2021.03.30

アルミ製熱交換器の特徴

熱交換器は、ステンレスやチタンなどの素材でできているものが多いですが、アルミ製のものもあります。そして、アルミ製熱交換器をステンレス製やチタン製の熱交換器と比べた場合に、熱伝導率の違いに着目して選ぶことが多いです。では、アルミ製熱交換器にはどのような特徴があるのか説明していきます。

熱伝導率とは

アルミ製の熱交換器の特徴を理解する上で、熱伝導率について知っておく必要があります。熱は温度が高いところから低い方へ移動するでしょう。しかし、熱の移動の仕方は一様ではありません。物質によって移動しやすいものとそうでないものがあります。そして、熱伝導率というのは、熱が移動しやすいかどうかを物質ごとに数値化したものです。

一般的に金属は熱伝導率が高めの傾向にあります。

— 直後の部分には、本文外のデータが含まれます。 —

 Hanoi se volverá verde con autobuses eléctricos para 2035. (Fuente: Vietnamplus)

温度の高いところに金属を置くとすぐに熱くなり、逆に温度の低いところに置けばすぐに冷たくなるでしょう。

金属の中でも熱伝導率の数値はかなり差があり、ステンレス(SUS304)が16でチタンが17なのに対して、アルミは236とかなり高めです。鉄やニッケルなども、アルミほど高くはありません。鉄は67でニッケルは91です。また、金や銀、銅などアルミよりも熱伝導率が高い物質もあります。

効率よく熱を運ぶのに適した材質

アルミは熱伝導率が高いことから、熱交換器の材質に使用すれば効率良く熱を運べるということになります。そのため、エアコンや空調設備などに使われている熱交換器はアルミ製であることが多いです。銅や銀などはアルミよりも熱伝導率が高いですが、重いうえに価格が高いのがネックになるでしょう。アルミは高い熱伝導率だけでなく、安価で軽いという好条件が揃っています。

しかし、用途によっては必ずしもアルミ製の熱交換器が良いとは限りません。工業用などの場合には、アルミ以外の材質の方が適している場合もあります。例えば、高温の環境下で使用される熱交換器は、アルミ製はそう多くありません。その主な理由は、アルミが高温の環境に弱いためです。

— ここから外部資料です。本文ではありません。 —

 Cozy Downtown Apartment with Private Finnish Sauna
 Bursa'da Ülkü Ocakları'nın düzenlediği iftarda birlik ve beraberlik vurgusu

アルミは融点が約650度と金属の中では低めで、腐食のリスクなども考慮するとアルミを使えるのは400度くらいまででしょう。これに対して、鉄やニッケルは融点が1,500度前後なので高温の使用に向いています。

まとめ

アルミは熱伝導率が高く、金属の中では軽いのが特徴です。熱を効率よく運べるということで、エアコンや空調設備などの熱交換器にアルミが使われることがあります。しかし、高温の環境に弱いことから、工業用に使用する熱交換器だとアルミ製はあまり多くありません。

熱交換器を設置する際には、使用環境を考慮して選ぶことで、その性能を十分に発揮できるでしょう。